Could you restate, exactly and with nothing added, the lines from the start of the data through the line that holds "If you are trying", leaving the pictures out?
++++
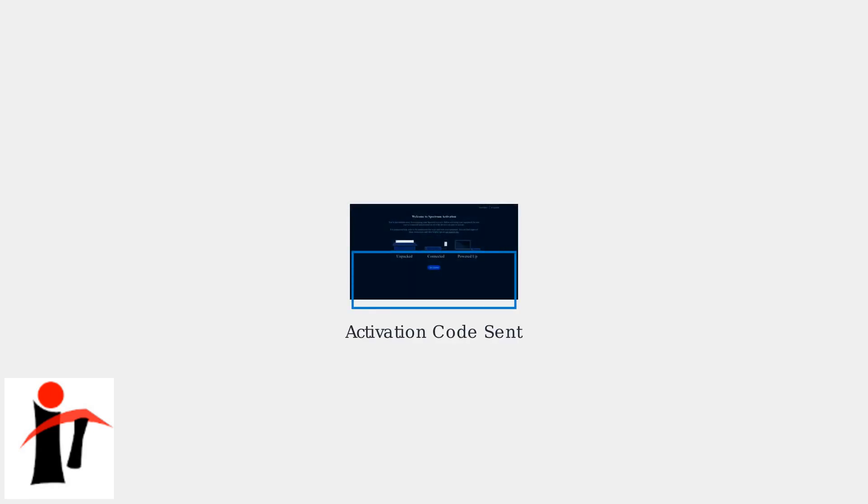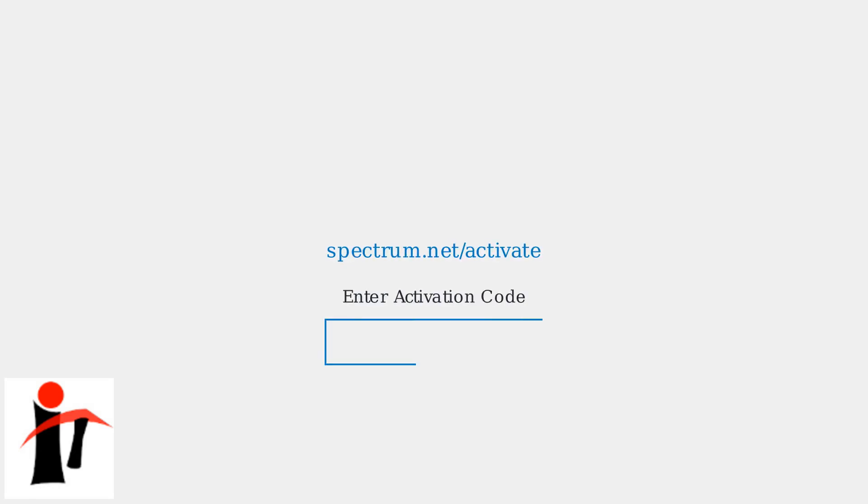After logging in, you'll need to activate your device. A code will be sent to your email or phone number linked to your Spectrum account. On a computer or phone, go to spectrum.net slash activate and enter that activation code. This links your TCL Google TV to your Spectrum account.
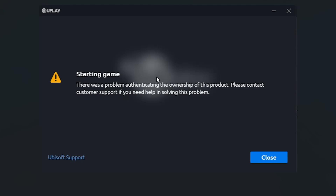If you are trying to start a game and you get this error on Ubisoft Connect — the error looks like this, which says 'Starting game, there was a problem authenticating the ownership of this product. Please contact customer support if you need help in solving this problem.'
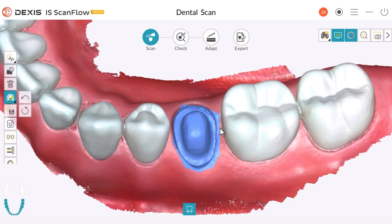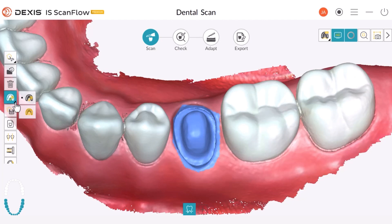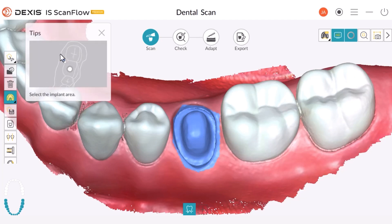Now let's explore another interesting option related to the lock tool known as reverse lock. This option gives you the ability to select the area you do not want to lock out. If you do not see the tool you are looking for, left click on the triangle in the corner of the button. Once we engage the reverse lock, the tool tips window appears to show us how to use that tool, as long as the option is enabled in Preferences.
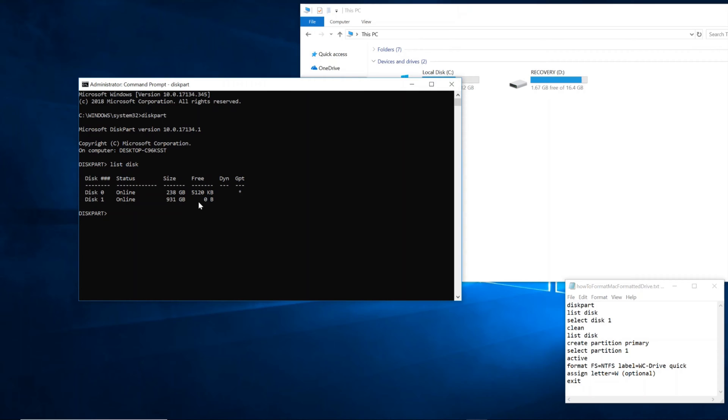So I can't stress this enough. It's very, very, very important to select the correct disk. In my instance, it's disk 1. In your instance, it may be another disk. So one way you could verify this is you could exit diskpart, unplug the drive, then go back here and type in list disk and see which one was missing. And then plug it back in and type in list disk again to see which one shows up. That way you would know which one it is.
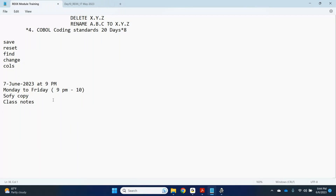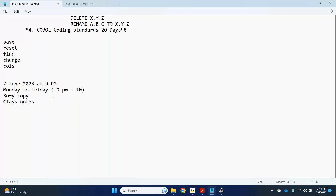Regarding recorded videos: I do not provide recording videos by default — attending live is required. However, if you are unable to attend two or three days due to illness or office meetings, inform me before the session and I will share the recorded video so you can watch and come to the next session prepared. But I don't provide recordings after every session as a routine.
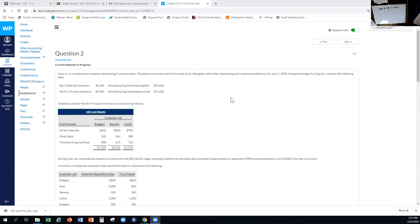I put them into the learning activities folder, so they're in the same location as the videos and information for this week's material. Okay, so with that I'm going to go through question number two. We've got Case Incorporated, which had some existing jobs that had been started previously.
++++
- [RESULT]
After logging in, you'll need to activate your device. A code will be sent to your email or phone number linked to your Spectrum account. On a computer or phone, go to spectrum.net slash activate and enter that activation code. This links your TCL Google TV to your Spectrum account.
If you are trying to start a game and you get this error on Ubisoft Connect — the error looks like this, which says 'Starting game, there was a problem authenticating the ownership of this product. Please contact customer support if you need help in solving this problem.'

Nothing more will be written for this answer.